Après l’Allemagne, la France peut-elle encore échapper à la récession en 2025 ? Depuis la découverte du déficit public réel, la question se pose, car rarement le sentiment de perte de contrôle des comptes de la Nation aura été aussi fort. Attendu fin 2023 à 4,4% du PIB, le déficit public a été révisé à 5,6% et finira à plus de 6%. Une dérive de plus de 50 milliards d’euros selon nos calculs chez Xerfi. En dehors des périodes de crise, c’est sans précédent. Sans correction budgétaire au cours de l’année, le pays est contraint de trouver en urgence 60 milliards d’euros (l’équivalent de 2% du PIB), que ce soit sous forme d’augmentation des impôts ou de réductions. dans les dépenses publiques. Cela ne peut se faire sans dommage.
Le rôle crucial des entreprises dans l’effort budgétaire
Si le projet de loi de finances est toujours en discussion, le discours de politique générale a donné ses grandes lignes. Principal contributeur à l’effort général : les entreprises, toutes les entreprises. Les plus grandes, celles dont le chiffre d’affaires dépasse le milliard d’euros, devront payer une surtaxe sur leurs bénéfices pendant trois ans. Mais aussi, avec eux, tous les autres via trois canaux principaux : la refonte des allègements de charges sur les bas salaires. Soyons clairs, c’est dans le but de faire économiser de l’argent à l’État. Traduction pour les entreprises : augmentation des cotisations patronales. C’est aussi la responsabilité des entreprises, via une augmentation des mutuelles, la réduction de la couverture santé et enfin la réduction des aides à l’apprentissage.

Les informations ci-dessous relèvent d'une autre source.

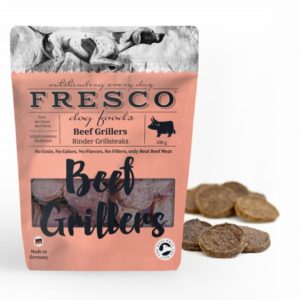 fresco beef grillers dog treats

Tout le défi est de déterminer si cela peut se faire sans trop de dégâts sur le tissu productif. Mais il y a de quoi s’inquiéter. Que ce soit dans l’industrie ou dans les services marchands, les soldes d’opinion des chefs d’entreprise sur leur trésorerie se dégradent et se situent nettement en dessous de leur moyenne de longue période. La situation se durcit également dans le commerce avec ces mêmes leitmotivs : pression sur les marges, délais de paiement clients plus longs, stocks élevés. Les conséquences de cet affaiblissement se voient déjà dans la multiplication fulgurante des échecs qui ne sont pas tous dus au rattrapage post-Covid. Ce n’est évidemment pas un très bon signe pour les mois à venir. Sans attendre, les entreprises se sont déjà massivement mises en mode défensif.

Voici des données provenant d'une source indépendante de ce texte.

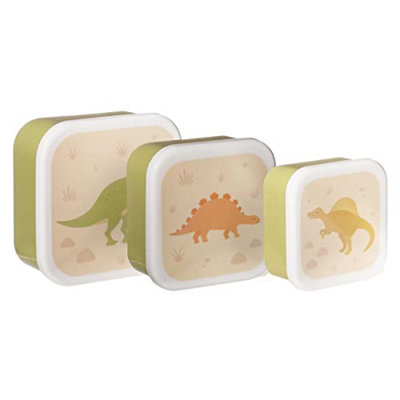 Sass & Belle Desert Dino Lunch BoxesSet Of 3 from B&Q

Deux témoins de ce basculement : les créations d’emplois se font de plus en plus rares et la fin de l’année pourrait bien se terminer dans le rouge pour la première fois depuis dix ans, hors année de crise sanitaire, entraînant une hausse du taux de chômage. Quant aux investissements, leur ajustement a déjà commencé. En baisse en 2024, elle diminuera encore. Il va donc falloir se passer des entreprises et compter sur les ménages pour être la principale Source de croissance.
Les ménages, dernier espoir de croissance ?

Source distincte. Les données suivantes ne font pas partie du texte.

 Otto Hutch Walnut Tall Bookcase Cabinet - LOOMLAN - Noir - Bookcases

La baisse des taux et le déclin rapide de l’inflation donnent une bouffée d’oxygène aux ménages. De même, certains Français se retrouvent avec un excès d’épargne abondant hérité de la période Covid qu’ils n’ont pas réduit face au choc inflationniste. Au contraire, leurs efforts pour mettre de l’argent de côté se sont intensifiés depuis mi-2022. L’espoir est que cette réserve soit enfin mobilisée pour sortir la consommation de son inertie. Moins rentable avec la baisse des taux, l’épargne devrait logiquement diminuer progressivement. Mais un autre scénario est possible : porté par les incertitudes politiques, économiques et budgétaires, le taux d’épargne pourrait bien se maintenir en 2025 au niveau élevé de 2024. Cela ne laisserait alors plus beaucoup de doutes sur le signe de croissance à attendre pour l’année prochaine. La question ne sera alors plus de savoir si la récession est évitable, mais plutôt de mesurer l’ampleur des dégâts à venir.